Through it all, Bruce Springsteen never lost his cool

Through it all, Bruce Springsteen never lost his cool

One of the more memorable running sketches from Ben Stiller's early '90s comedy series is "Tales of Springsteen," a satiric take on the Boss' status as a larger-than-life heroic figure. It features Stiller as a rugged, buffed-up Springsteen who turns up to, variously, battle space aliens, coach Janeane Garofalo through childbirth and help out Abe Lincoln with the Gettysburg Address. In one particularly amusing bit, the Boss sticks around to help clean up the bar after one of his signature surprise nightclub appearances, mopping up and refilling empty ketchup bottles. "And the next morning when I woke up, I had been freshly shaved, manicured, and my boots had been polished!" notes a stunned Andy Dick.

The sketches were intended to be a light-hearted homage, but in those days one could have been forgiven for detecting an undercurrent of mockery. Springsteen has always had his share of detractors, particularly in the younger hipster fringes of the rock audience, where his penchant for sprawling romanticism and melodrama has been so often perceived as calculated, overbearing posturing.

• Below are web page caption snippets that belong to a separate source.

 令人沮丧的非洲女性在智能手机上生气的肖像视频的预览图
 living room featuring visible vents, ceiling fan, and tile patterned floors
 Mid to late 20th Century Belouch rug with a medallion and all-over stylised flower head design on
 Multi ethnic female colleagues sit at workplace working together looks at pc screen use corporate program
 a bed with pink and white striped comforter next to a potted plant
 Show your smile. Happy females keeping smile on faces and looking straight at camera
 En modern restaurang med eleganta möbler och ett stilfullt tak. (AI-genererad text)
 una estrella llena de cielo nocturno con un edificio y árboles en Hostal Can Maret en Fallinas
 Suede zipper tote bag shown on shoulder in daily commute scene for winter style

And in the early '90s, the fringes were taking over.

When the grunge age, with all its attendant irony and dour self-absorption, came to dominate the rock landscape, Springsteen's brand of earnest positivity seemed passé. He remained a huge star with an obsessively devoted fan base, but his cachet as a cultural touchstone would remain diminished for roughly the next decade.

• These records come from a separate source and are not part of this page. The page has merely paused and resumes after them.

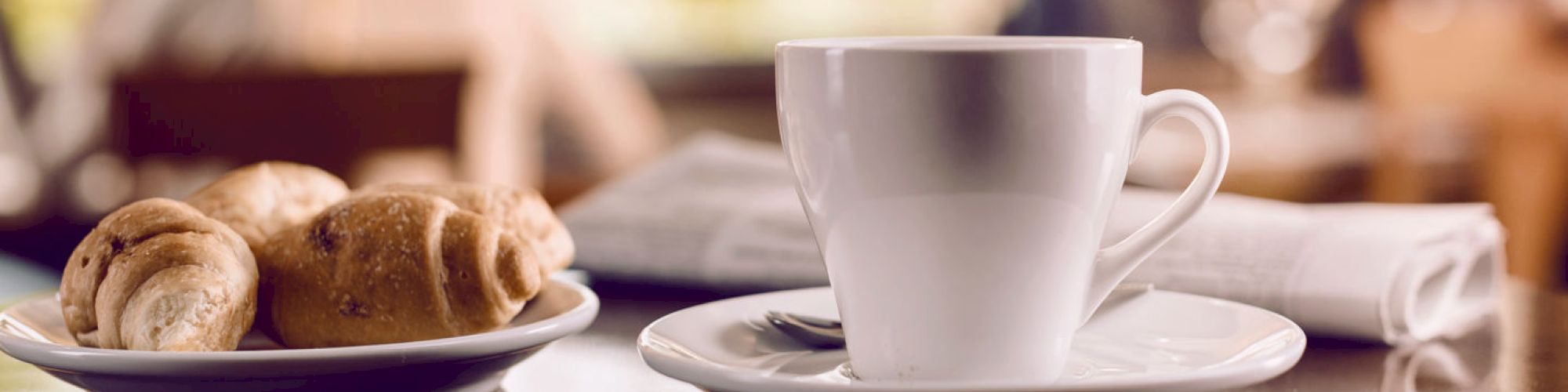 A white coffee cup on a saucer sits on a table next to a plate of croissants and a rolled-up napkin, with a blurry background.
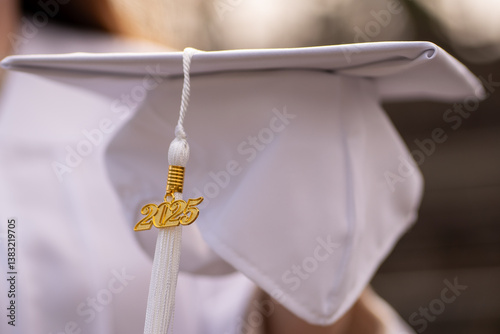 White graduation cap with tassel and gold 2025 medallion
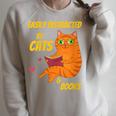 Easily Distracted By Cats And Books For Cat And Book Lover Raglan Sleeve Sweatshirt Heather Forest Easily Distracted By Cats And Books For Cat And Book Lover Raglan Sleeve Sweatshirt Heather Forest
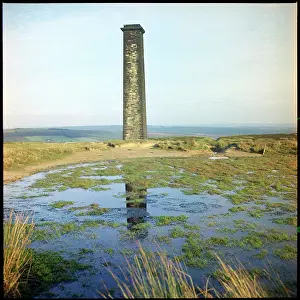 Intensively: Bank Top Chimney viewed across a small reservoir The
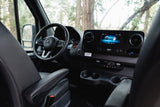 Modern RV rental interior: driver's cockpit with steering wheel, digital dashboard, and infotainment screen. Ready for adventure!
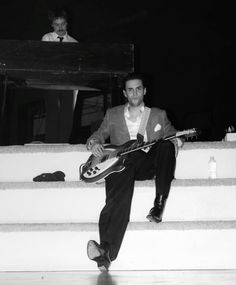 a man sitting on steps with a guitar in his hand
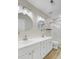 Modern bathroom with double sinks, sleek fixtures, and a glass-enclosed shower for a spa-like experience at 117 Macy Cir, Goose Creek, SC 29445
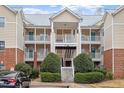 Three-story building with light beige siding, balconies, and a staircase at 524 Glenolden Ct, Cary, NC 27513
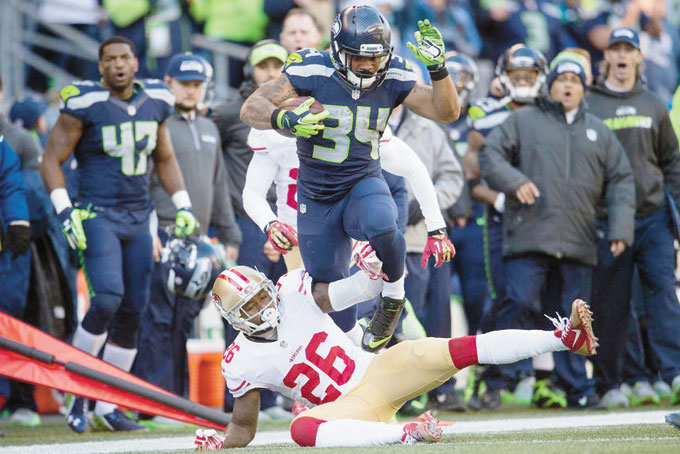 NOT JUST ANOTHER ROOKIE—Seattle Seahawks Thomas Rawls (34) picked up 209 yards rushing subbing for Tayshaun Lynch. (AP Photo)  
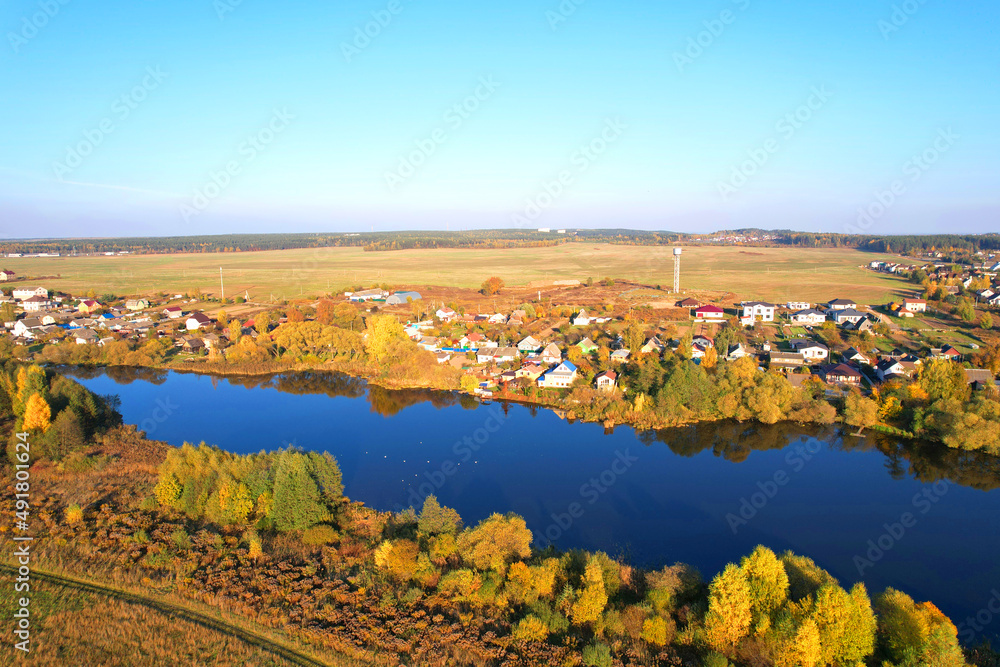 Country houses at river in countryside, aerial view. Building a Home in the Country. Village with wooden house. Suburban house in rural on sunset. Rural building and farmhouse at lake in countryside.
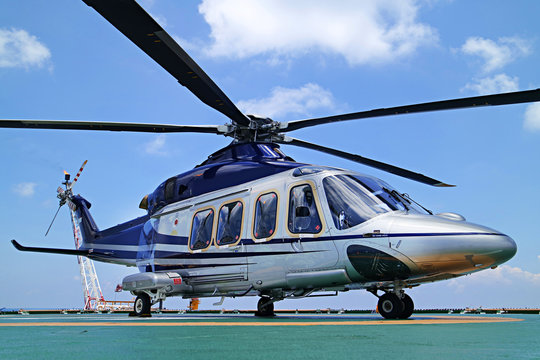 Helicopter or chopper land at oil and gas platform  area for get and sent passenger from onshore hangar to offshore platform    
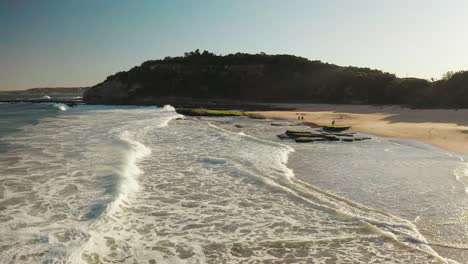 aerial view of a beach with waves and a hill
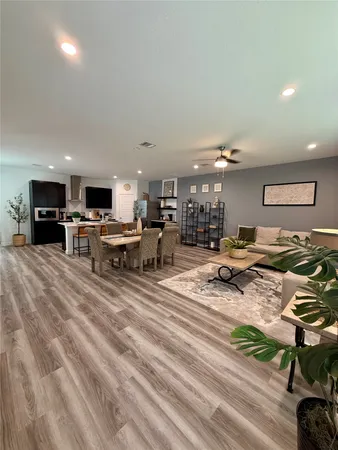 a view of a kitchen with kitchen island stainless steel appliances refrigerator stove microwave and cabinets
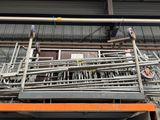 a large pile of pipes and pipes on the side of a building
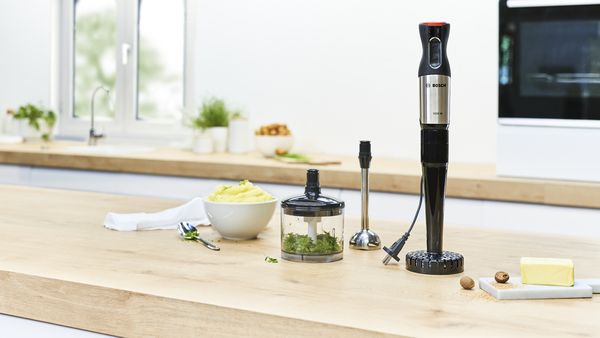 ErgoMixx hand blender with a masher attachment next to other attachments and mashed potatoes.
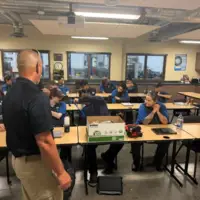 Instructor addresses students seated at tables in a classroom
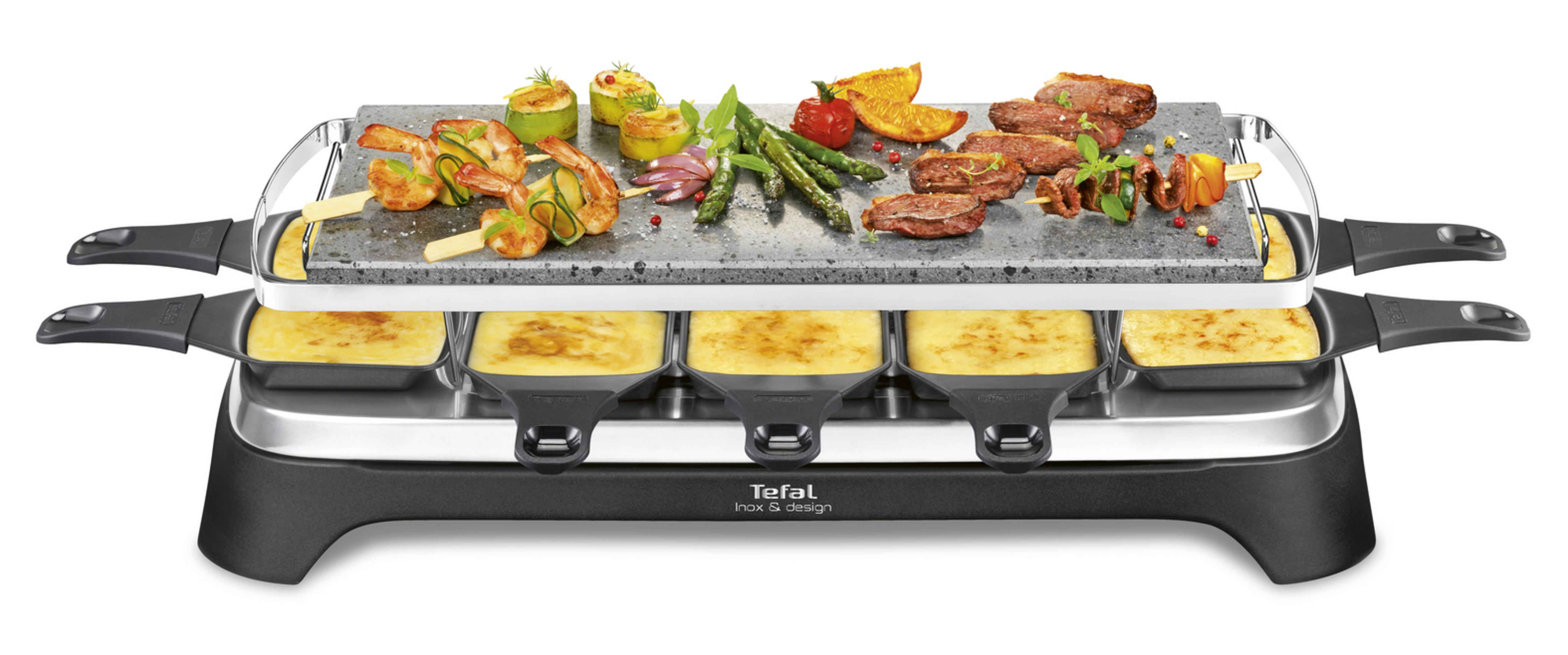Ein Raclettegerät mit gegrilltem Fleisch, Garnelen, Gemüse und geschmolzenem Käse.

Then in 2002, after the harsh sting of national tragedy made his tough-minded sense of optimism seem so very necessary, Springsteen would re-emerge on the mass culture radar with The Rising. But even that album, with its ominous tone and well-worn themes of loss, hope and redemption, might have sounded like so much hot air to younger ears then more attuned to the raw garage-rock of The Strokes and White Stripes.

How then to explain the recent embrace of Springsteen as a hero in the youth-centric indie rock community, where hordes of listeners, many too young to remember Courtney Cox's showbiz debut in the "Dancing in the Dark" video, now view him as not only a legend worth space on their iPod, but also, somehow, cool?

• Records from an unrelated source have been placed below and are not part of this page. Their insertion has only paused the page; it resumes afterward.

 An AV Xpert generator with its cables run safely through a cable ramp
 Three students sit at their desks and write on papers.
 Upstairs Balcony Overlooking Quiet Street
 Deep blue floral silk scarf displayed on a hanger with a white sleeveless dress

Springsteen played on the 2004 Vote for Change tour, where he mingled easily with younger artists like Conor Oberst, and assuredly brought his music to a new audience. But lending gravitas to an idealistic crusade is one thing; mixing musically with artists a couple of generations younger is another. So in late 2007, when video surfaced of Springsteen singing with members of Canadian indie act Arcade Fire, it felt as though the thaw on Springsteen's hipster freeze was in full effect. To top it off, the video was widely circulated through a link on that bastion of indie über-coolness, Pitchfork, which lately reports on the Boss' doings with the same regularity and enthusiasm that devotes to reportage on younger, cultish bands like Blitzen Trapper or current World's Greatest Rock 'n' Roll Band contenders The Hold Steady, whose frontman Craig Finn readily acknowledges the influence Springsteen has had on his band. (Granted, Finn is 36 and actually remembers 1984.)

So what does this say about Springsteen himself? Not much, as it turns out. Through the years, the central thrust of Springsteen's music and message has remained essentially the same: Whether in a meditative or arena-rock mode, he has always aimed to shine a probing light on the complexities and contradictions at the heart of American life. Last year's Magic may have updated the Jersey boardwalk sound of the E-Street band with Brendan O'Brien's production muscle, but the songs themselves fit seamlessly into the Springsteen canon. The lush, sweeping pop gem "Girls in Their Summer Clothes" harks back to the Spector-ized halcyon days of Born to Run, while "Gypsy Biker" echoes old favorites both musically, with its haunting harmonica motif recalling "The River," and lyrically, as another unsentimental tale of a returning war veteran—a theme in Springsteen's work that he no doubt wishes he didn't have to revisit so often.

As any true believer knows, though, the place to best appreciate the remarkable breadth and impact of Springsteen's music, and convert nonbelievers, is at one of his justifiably legendary live shows. And lately he hasn't been hard to catch: One thing he shares with today's younger rockers is a serious (and these days, necessary) dedication to the road.

The keyword at Springsteen's shows lately has been spontaneity, with the Boss keeping the E-Street band fresh by drastically altering the set list from night to night, peppering in covers—"Summertime Blues" has been a recent favorite—with any number of classics and fan-pleasing rarities—hey, "Point Blank!"—from across the back catalog. Fans who used to be happy if they got either "Jungleland" or "Rosalita" may now very well get both within the same encore.

Maybe the presence of so many newer young fans in Springsteen's audience can be put down to the fact that they weren't around to suffer media saturation burnout during the Born in the USA era. But more likely they're just discovering that beneath the veneer of rugged heroism lurks a songwriter of rare acuity, whose work resonates with the same stirring force as that of forebears like Hank Williams, Woody Guthrie or John Fogerty.

In or out of fashion, the Boss can be depended on to ask the tough questions, then joyfully strike a power chord when he doesn't get any answers. And while Springsteen probably won't be found mopping up at the Exit/In in the wee hours Friday morning, that kind of dependability is heroic enough.